Because when you book your dream trip to Europe and your first stop is Paris, you go for celebratory macarons.

Because when you book your dream trip to Europe and your first stop is Paris, you go for celebratory macarons.

          “Have you had our macarons before?” the owner of Delysées asked me when I walked into my favourite King W bakery.

          “I have,” I assured. “They’re amazing!”

          He beamed with pride. I could tell he’s passionate about what he does.

          “You know, I always come in here and get just one – because I should be eating none – but I booked a flight to Paris today, so I’m going to get three!” I excitedly announced. (Macarons are $2.25 a piece. Three made me feel like I was ballin’.)

          “When are you going to Paris?” he smiled.

          “I leave September 28,” I proudly declared with a hint of a kid-in-a-candy-store shriek. “I have 82 days in Europe, and I’m staying in Paris for at least the first month.”

          As he slipped my macaron selections (lime-basil, birthday cake, and strawberry cheesecake) into a dainty cellophane bag, he suggested places for me to visit in France (he lived there until age 12 and returns yearly), like Ladurée on Champs-Elysées. (Can we please take a moment to acknowledge that I was casually being given tips on where to stop for macarons on Champs-Elysées because I’m soon going to be in the area? I fucking love my life!) He admitted that Ladurée makes the best macarons in the world.

          “Better than – I’m going to pronounce this wrong – Pierre Hermé?” I asked in excitement (I hear people wait in line for Pierre Hermé’s macarons, and I promise I will be one of them), feeling like I was suddenly in on Paris’s best-kept macaron secret. (A quick Google search would later reveal that Ladurée is all over Europe and even has locations in the United States, but I still feel privy. Apparently, the Ladurée on Champs-Elysées is the best of them all.)

          He taught me the correct pronunciation (which I already forget), and confirmed that Ladurée’s macarons are in fact better than Pierre Hermé’s.

          “I’m sorry, what’s your name?” I said, realizing I hadn’t asked yet.

          “Fred,” he answered.

          “Hi Fred, I’m Maria,” I introduced myself, reaching my arm over the counter to shake his hand.

          “I’m going to give you a fourth macaron on me, Maria, because I like that you smile a lot.” He reached for a complimentary raspberry buttercream, and placed it in my bag.

          “Thank you so much!” I exclaimed. “That’s so nice!”
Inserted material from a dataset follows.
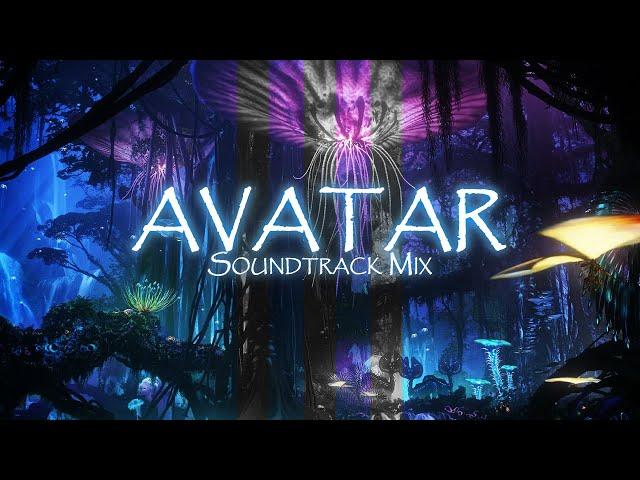 AVATAR | ULTIMATE Soundtrack Compilation MIX | James Horner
          Paris is official, friends! Ladurée and Pierre Hermé, I’m coming for your macarons! I have a non-refundable, non-one-way, non-subject-to-speculation-by-immigration flight booked! My dream is weeks away from being real, not that I ever doubted its becoming of reality. I don’t fuck around. When I want something, I go for it, as proven by right now. I don’t wishfully spew hopes from my mouth that dreams I dream will come true. I make them come true. My dreams are not vague visions of the future that may or may not actually be. I don’t live in whimsical images of “someday.”
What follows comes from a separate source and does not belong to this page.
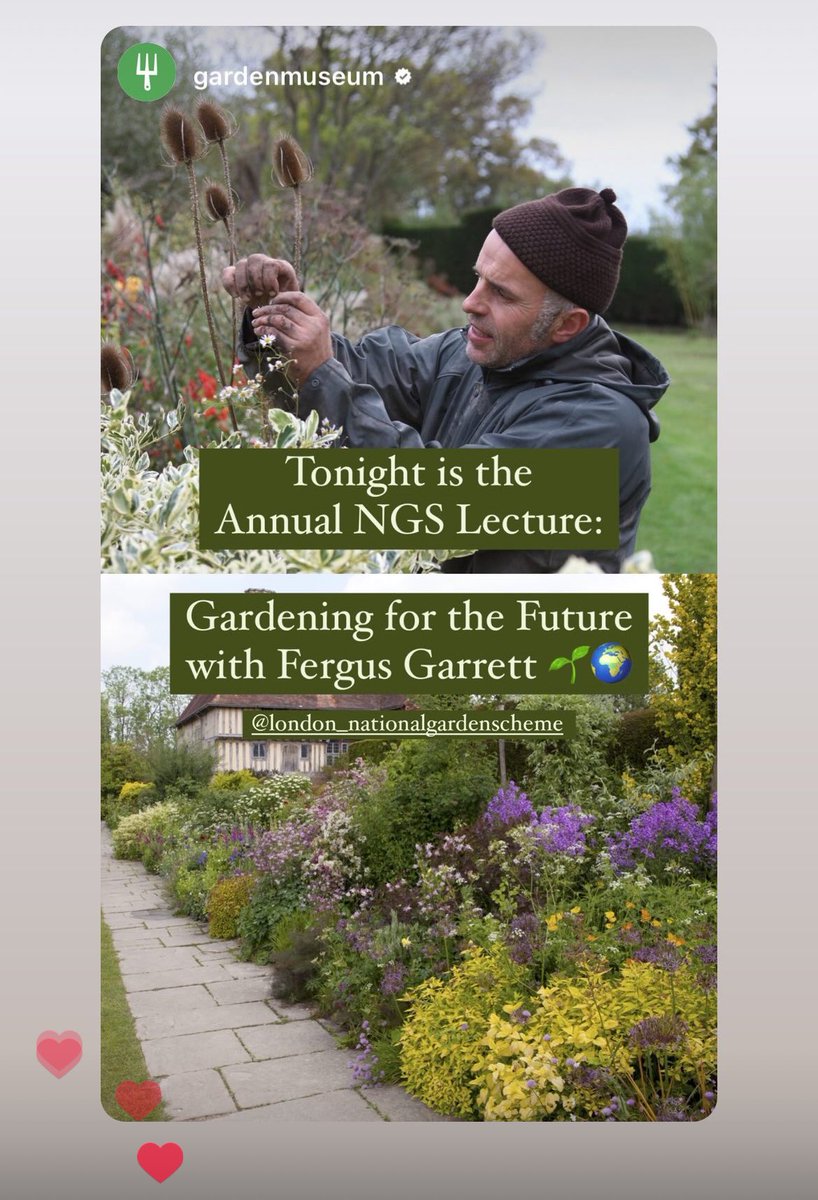 London National Garden Scheme tweet media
          Ironically, if you look up someday in the thesaurus (by which I mean Thesaurus.com), its antonym is never, as if someday implies something definite. I’d argue that never is someday’s synonym. Someday is not a guarantee; it’s wishy-washy. People often use it in an I-want-to-do-this-but-never-actually-will way: “Someday I’ll quit the job I hate,” say the people that don’t seek other opportunities. “Someday I’ll travel the world,” say the people that don’t save the money to board the flight. “Someday I’ll move to [insert dream city here],” say the people that don’t venture further than the Caribbean for longer than a week. “Someday I’ll [etc, etc, etc . . .],” say the dreamers without plans.

          Someday is a feel-good word. It reduces cognitive dissonance for people that don’t get where they want to go, because at least someday isn’t never – except that it is. Doers don’t blurt out someday. They don’t say things like, “Someday I’ll do Y when X isn’t a factor.” They don’t mold to this formulated excuse. Real talk: X isn’t the factor that makes or breaks your dreams; you are. X is just the scapegoat, and someday is the defense mechanism. You are the do or do not, so you must choose to do as you dream. Dream, and dream big, but don’t dream for the sake of dreaming. Don’t lose your ambition in the trap that is someday. Someday is the difference between the dreamers and the doers. Don’t succumb to it.

Happiness Tip: Don’t give way to “someday.”